Shamp takes place in Big Yolk, which sounds like New York, but is really a mindscape. There is a deserted subway and a "Sump" whose first description is typical:

    Beyond us the Sump rolled mosquito-flecked in its trench. Behind lay a long stretch of acid pine barren, creased with superhighway, pocked with gas station. Lest they fall upon it, swarms of raindrops clung tremulously to the air.

Here Shamp’s first master Shipoff builds a depot and lays plans to take over Big Yolk, the "city solo." Everything in the book is somehow just not quite what one knows, and yet recognizable. Shamp swears, for instance, "by Chrust!"—and, strangely enough, it sounds right.

The fame that Shamp is after can only be got by a display of rhetoric, by soloing at the city-solo. This, after many vicissitudes, he does, thus outdoing his three masters, and is rewarded with a hotel in his honor. As in each of Jaimy Gordon’s three novels, there is at the end a surprising success and a continuing hunger. Shamp refuses to move into the hotel he is offered, but lives in the deserted subway, claiming "one real pleasure, and that is my joy to be quit of whatever, to have nothing but my hole and the meadow [which he can see] at the far end." He addresses the hotel itself: "You are my fame. I am your vacancy."

Her latest novel, Bogeywoman (1999) is the triumph of another style, and another alternate world—but closer to our world than Shamp. The geography is real, the time vague but not mythical.

Ursula Koderer tells the story, first person, of her realization that she is lesbian, of her expulsion from a girl’s camp in Maine, her incarceration in a Baltimore insane asylum at seventeen, her escape from the asylum with Gulaim Zuk (a mysterious Central Asian psychiatrist—"Her body," Ursula tells us, "was similar to Central Asia"), a flight into the Great Dismal Swamp where Zuk disappears, a return to Baltimore to find some songs she wrote in the asylum have become famous. This is a bare sketch; I have omitted weirder items. The novel is punctuated by the phrase "HOW LOVE GOT ME OUT OF THERE," used as a heading within each chapter and as title for the final chapter. It is also the principal line in the asylum songs (performed by a group of inmates who call themselves the Bug Motel).

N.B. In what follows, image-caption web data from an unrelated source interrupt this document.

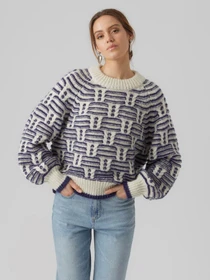 Свитры и кардиганы Vero Moda модель 10294698_Birch Фото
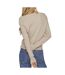 Gilet Beige Femme Vila Vicomfy - L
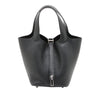 Hermès Clemence Picotin 18 Secondhand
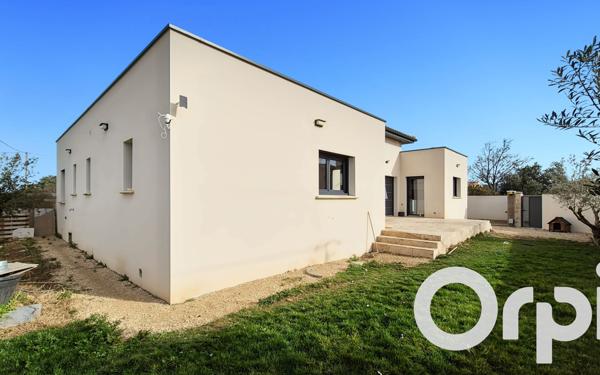 Maison à vendre    4 pièces •  Lapalud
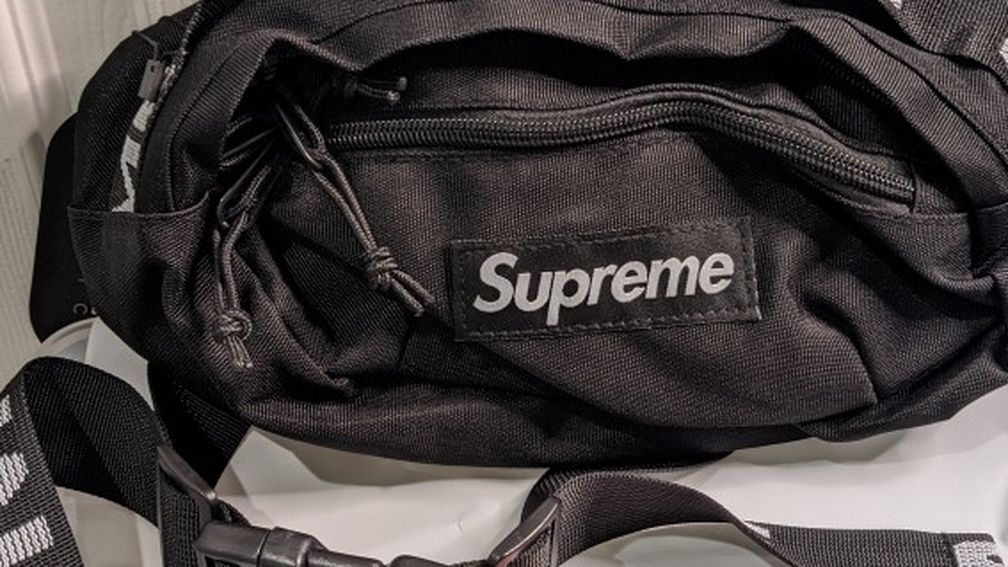SS18, Supreme Bag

But Ursula’s language makes everything different, in the way that Shamp’s—swearing "by Chrust"—does. The canonical authorities in this asylum are Sigmund Food and Margaret Meat (and one notes that the psychiatrists—or rather the "dreambox mechanics"—say the same). Those names, like everything in the book, echo the motif of hunger.

Bogeywoman is, among other things, an amazing example of what can be done with voice. It is extremely risky to have a narrator both naïve and strangely knowledgeable, but Ursie’s voice, a composite of common street talk and unique quirks, is flawless. Bogeywoman’s voice establishes a world that is, not only plausible, but unmistakable.

Jaimy Gordon’s language is never the same; she has a different prose for each of her books, from one fiction to the next. Always playful, it is not Joycean. Its playfulness is much more in the vein of Queneau (towards Zazie rather than toward Ulysses). Its literary influences are extremely broad, medieval to baroque to current and including much folk material. (In She Drove Without Stopping, I get here and there, furtively, the idea that she would like to pull her style down a bit and become a novelist-like-the-others, something her exquisite sense of style will always make problematic. John Hawkes faced a similar problem.)

The love that gets Ursula "out of there" is what drives all Jaimy Gordon’s writing. It is love as hunger—love, not without an object, rather with many objects, a world of objects, none of them (nor even all of them together) adequate to that desire.